Marx concludes his Address by summarising the themes elucidated above:

Although the German workers cannot come to power and achieve the realization of their class interests without passing through a protracted revolutionary development, this time they can at least be certain that the first act of the approaching revolutionary drama will coincide with the direct victory of their own class in France and will thereby be accelerated. But they themselves must contribute most to their final victory, by informing themselves of their own class interests, by taking up their independent political position as soon as possible, by not allowing themselves to be misled by the hypocritical phrases of the democratic petty bourgeoisie into doubting for one minute the necessity of an independently organized party of the proletariat. Their battle-cry must be: The Permanent Revolution.[4]

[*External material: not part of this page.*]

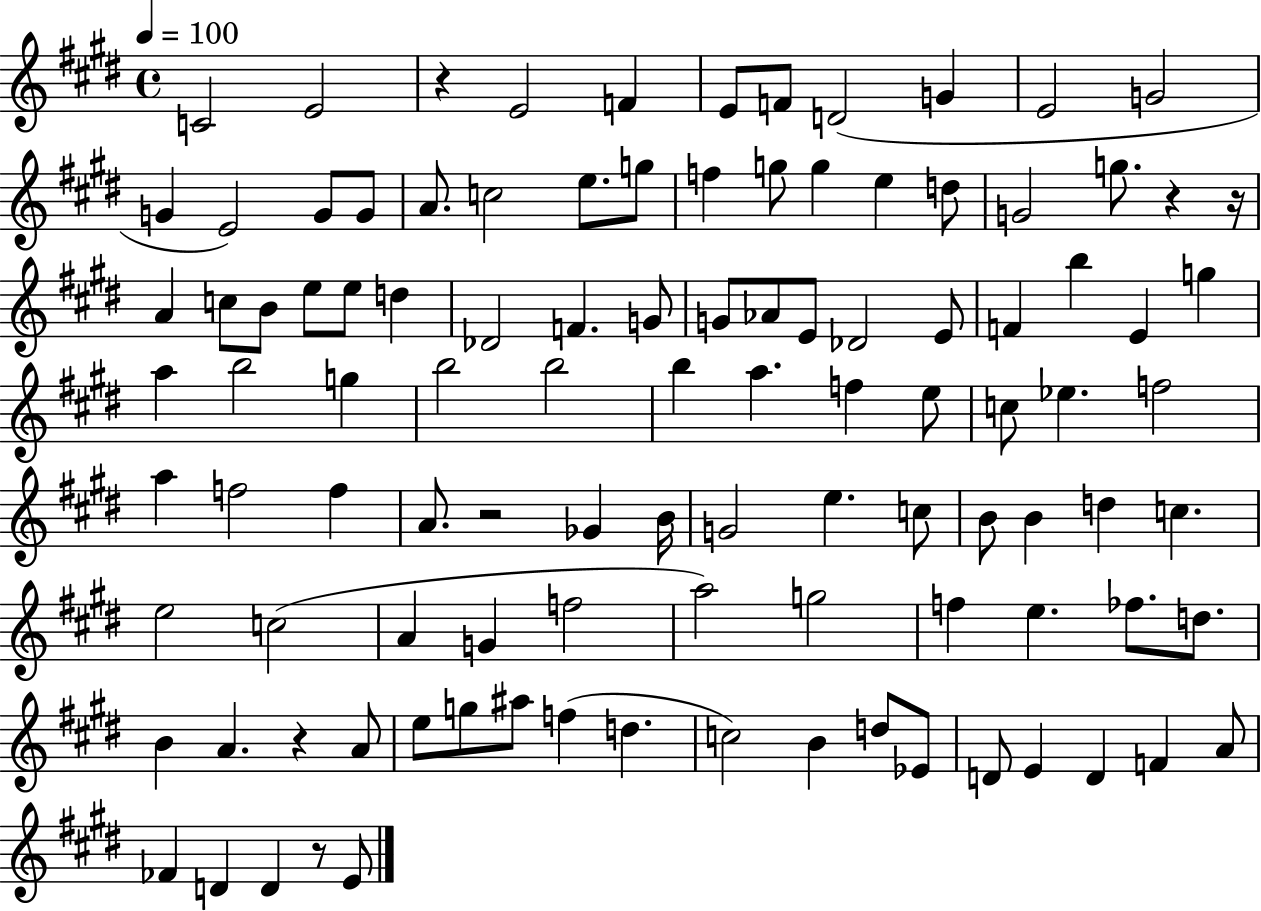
C4/h E4/h R/q E4/h F4/q E4/e F4/e D4/h G4/q E4/h G4/h G4/q E4/h G4/e G4/e A4/e. C5/h E5/e. G5/e F5/q G5/e G5/q E5/q D5/e G4/h G5/e. R/q R/s A4/q C5/e B4/e E5/e E5/e D5/q Db4/h F4/q. G4/e G4/e Ab4/e E4/e Db4/h E4/e F4/q B5/q E4/q G5/q A5/q B5/h G5/q B5/h B5/h B5/q A5/q. F5/q E5/e C5/e Eb5/q. F5/h A5/q F5/h F5/q A4/e. R/h Gb4/q B4/s G4/h E5/q. C5/e B4/e B4/q D5/q C5/q. E5/h C5/h A4/q G4/q F5/h A5/h G5/h F5/q E5/q. FES5/e. D5/e. B4/q A4/q. R/q A4/e E5/e G5/e A#5/e F5/q D5/q. C5/h B4/q D5/e Eb4/e D4/e E4/q D4/q F4/q A4/e FES4/q D4/q D4/q R/e E4/e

Since Marxism emphasises the contingency of political developments on material historical circumstances (as against idealism), it is worthwhile to have some idea of how Marx saw the context in which he advocated permanent revolution. It seems that he believed that “the first act of the approaching revolutionary drama [in Germany] will coincide with the direct victory of their own class in France and will thereby be accelerated”. That is, the petty-bourgeois are expected to come to power in Germany at the same time as the direct victory of the proletariat in France. Furthermore, Marx seems to believe that the former and hence of both is “imminent” (c.f. the third paragraph of the Address).[4] Therefore, Marx clearly believes that Europe is entering a time and is at a level of development of the productive forces in which the proletariat have the social revolution within their reach. Although circumstances did not develop as anticipated, this observation proved accurate at the dawn of the 20th century leading into the First World War and the Russian Revolution.